- Create a Storage Account
- Select ‘BlobStorage’ for Account kind
- Go to the Advanced tab and select ‘Data lake Storage Gen2’. Select ‘Enabled Hierarchical Namespace’
- Once the storage is created, go to Azure Storage Explorer, it will appear in the Storage Account under your subscription.
- Create a filetype container in the blob container
Open up the Service Principal and record down the Secrets.
Select Contributor Rights for the Databricks Service Principal
After setting the RBAC for the Service Principal, go the Azure Storage Explore and enter the ACLS. This step requires a few processes to complete. In order to apply the ACLS to the Data Lake Gen 2, you must get the object_id. One way of doing that is to run a PowerShell script to retrieve it. Get the application id from the Databricks Service Principal and run the following command in Powershell.

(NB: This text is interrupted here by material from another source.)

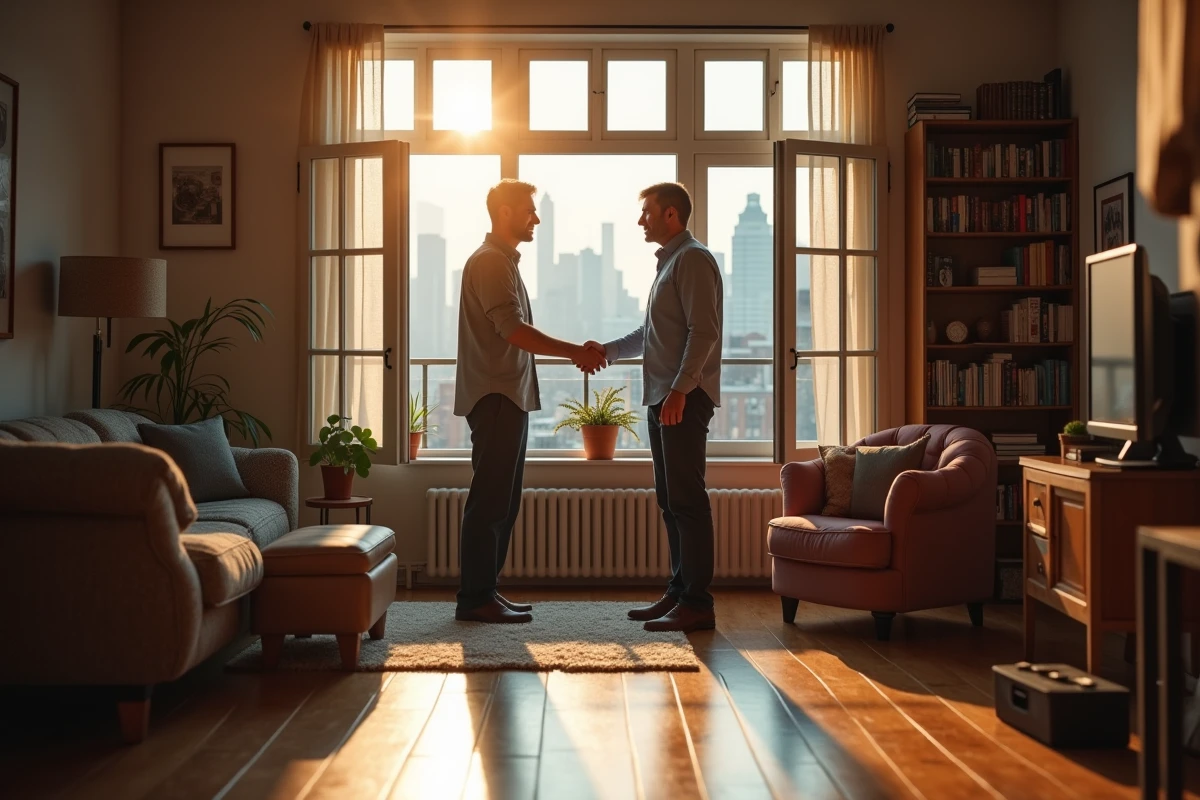 Homme serrant la main d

az ad sp show --id < Application (client) ID from Databricks Service Principal in AAD>
Retrieve the object id from the Json output and record it. Then go to the Azure Storage Explorer and click the Storage Account/Container. Right click on the Container and select Manage Access….
Next, enter the Object_Id from the Service Principal and provide the Access privileges.
This example is taken from the following link in Azure Documentation. Click here
Run the following code and assign values from previous results. Replace the following parameters:
- < storage-account-name > - Data Lake Storage Account Account name
- < appID > - Databricks service principal application id
- < password > - Databricks Service principal secret
- < tenant-id > - Directory id from Azure Active Directory
- < container-name > - Data Lake Gen 2 container name
- < file-system > - Data Lake Gen 2 container name
spark.conf.set("fs.azure.account.auth.type.<storage-account-name>.dfs.core.windows.net", "OAuth")
spark.conf.set("fs.azure.account.oauth.provider.type.<storage-account-name>.dfs.core.windows.net", "org.apache.hadoop.fs.azurebfs.oauth2.ClientCredsTokenProvider")
spark.conf.set("fs.azure.account.oauth2.client.id.<storage-account-name>.dfs.core.windows.net", "<appID>")
spark.conf.set("fs.azure.account.oauth2.client.secret.<storage-account-name>.dfs.core.windows.net", "<password>")
spark.conf.set("fs.azure.account.oauth2.client.endpoint.<storage-account-name>.dfs.core.windows.net", "https://login.microsoftonline.com/<tenant-id>/oauth2/token")
spark.conf.set("fs.azure.createRemoteFileSystemDuringInitialization", "true")
dbutils.fs.ls("abfss://<container-name>@<storage-account-name>.dfs.core.windows.net/")
spark.conf.set("fs.azure.createRemoteFileSystemDuringInitialization", "false")
%sh wget -P /tmp https://raw.githubusercontent.com/Azure/usql/master/Examples/Samples/Data/json/radiowebsite/small_radio_json.json
dbutils.fs.cp("file:///tmp/small_radio_json.json", "abfss://<file-system>@<account-name>.dfs.core.windows.net/")
%sql
DROP TABLE IF EXISTS radio_sample_data;
CREATE TABLE radio_sample_data
USING json
OPTIONS (
path "abfss://<container-name>@<storage-account-name>.dfs.core.windows.net/small_radio_json.json"
)
%sql
SELECT * from radio_sample_data